Exercise objective ::
From the first line to the last, please write out the data exactly.

Information Start Marker

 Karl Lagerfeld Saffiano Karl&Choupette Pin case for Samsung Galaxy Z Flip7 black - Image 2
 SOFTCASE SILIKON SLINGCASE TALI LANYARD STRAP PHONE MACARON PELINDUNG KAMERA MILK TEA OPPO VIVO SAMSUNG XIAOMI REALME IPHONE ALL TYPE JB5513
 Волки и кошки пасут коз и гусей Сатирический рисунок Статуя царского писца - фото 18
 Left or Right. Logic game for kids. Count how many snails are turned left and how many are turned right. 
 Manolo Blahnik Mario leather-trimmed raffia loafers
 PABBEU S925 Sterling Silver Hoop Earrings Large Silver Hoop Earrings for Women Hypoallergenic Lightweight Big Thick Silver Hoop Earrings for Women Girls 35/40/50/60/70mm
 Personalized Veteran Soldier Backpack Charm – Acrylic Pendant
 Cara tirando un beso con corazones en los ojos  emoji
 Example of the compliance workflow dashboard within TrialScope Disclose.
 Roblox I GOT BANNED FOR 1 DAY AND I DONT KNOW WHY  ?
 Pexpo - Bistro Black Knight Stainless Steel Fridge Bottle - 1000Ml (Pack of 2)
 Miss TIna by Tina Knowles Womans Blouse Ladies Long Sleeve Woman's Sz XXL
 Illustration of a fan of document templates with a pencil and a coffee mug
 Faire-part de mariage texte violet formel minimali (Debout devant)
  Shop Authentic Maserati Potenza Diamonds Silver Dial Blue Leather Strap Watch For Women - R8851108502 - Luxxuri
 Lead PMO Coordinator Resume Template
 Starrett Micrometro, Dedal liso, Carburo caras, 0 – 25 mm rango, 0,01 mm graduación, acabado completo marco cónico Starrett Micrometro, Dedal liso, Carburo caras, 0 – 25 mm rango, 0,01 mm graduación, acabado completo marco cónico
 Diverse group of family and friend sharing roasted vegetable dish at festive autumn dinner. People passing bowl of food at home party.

Information End Marker

Written solution ::
 Karl Lagerfeld Saffiano Karl&Choupette Pin case for Samsung Galaxy Z Flip7 black - Image 2
 SOFTCASE SILIKON SLINGCASE TALI LANYARD STRAP PHONE MACARON PELINDUNG KAMERA MILK TEA OPPO VIVO SAMSUNG XIAOMI REALME IPHONE ALL TYPE JB5513
 Волки и кошки пасут коз и гусей Сатирический рисунок Статуя царского писца - фото 18
 Left or Right. Logic game for kids. Count how many snails are turned left and how many are turned right. 
 Manolo Blahnik Mario leather-trimmed raffia loafers
 PABBEU S925 Sterling Silver Hoop Earrings Large Silver Hoop Earrings for Women Hypoallergenic Lightweight Big Thick Silver Hoop Earrings for Women Girls 35/40/50/60/70mm
 Personalized Veteran Soldier Backpack Charm – Acrylic Pendant
 Cara tirando un beso con corazones en los ojos  emoji
 Example of the compliance workflow dashboard within TrialScope Disclose.
 Roblox I GOT BANNED FOR 1 DAY AND I DONT KNOW WHY  ?
 Pexpo - Bistro Black Knight Stainless Steel Fridge Bottle - 1000Ml (Pack of 2)
 Miss TIna by Tina Knowles Womans Blouse Ladies Long Sleeve Woman's Sz XXL
 Illustration of a fan of document templates with a pencil and a coffee mug
 Faire-part de mariage texte violet formel minimali (Debout devant)
  Shop Authentic Maserati Potenza Diamonds Silver Dial Blue Leather Strap Watch For Women - R8851108502 - Luxxuri
 Lead PMO Coordinator Resume Template
 Starrett Micrometro, Dedal liso, Carburo caras, 0 – 25 mm rango, 0,01 mm graduación, acabado completo marco cónico Starrett Micrometro, Dedal liso, Carburo caras, 0 – 25 mm rango, 0,01 mm graduación, acabado completo marco cónico
 Diverse group of family and friend sharing roasted vegetable dish at festive autumn dinner. People passing bowl of food at home party.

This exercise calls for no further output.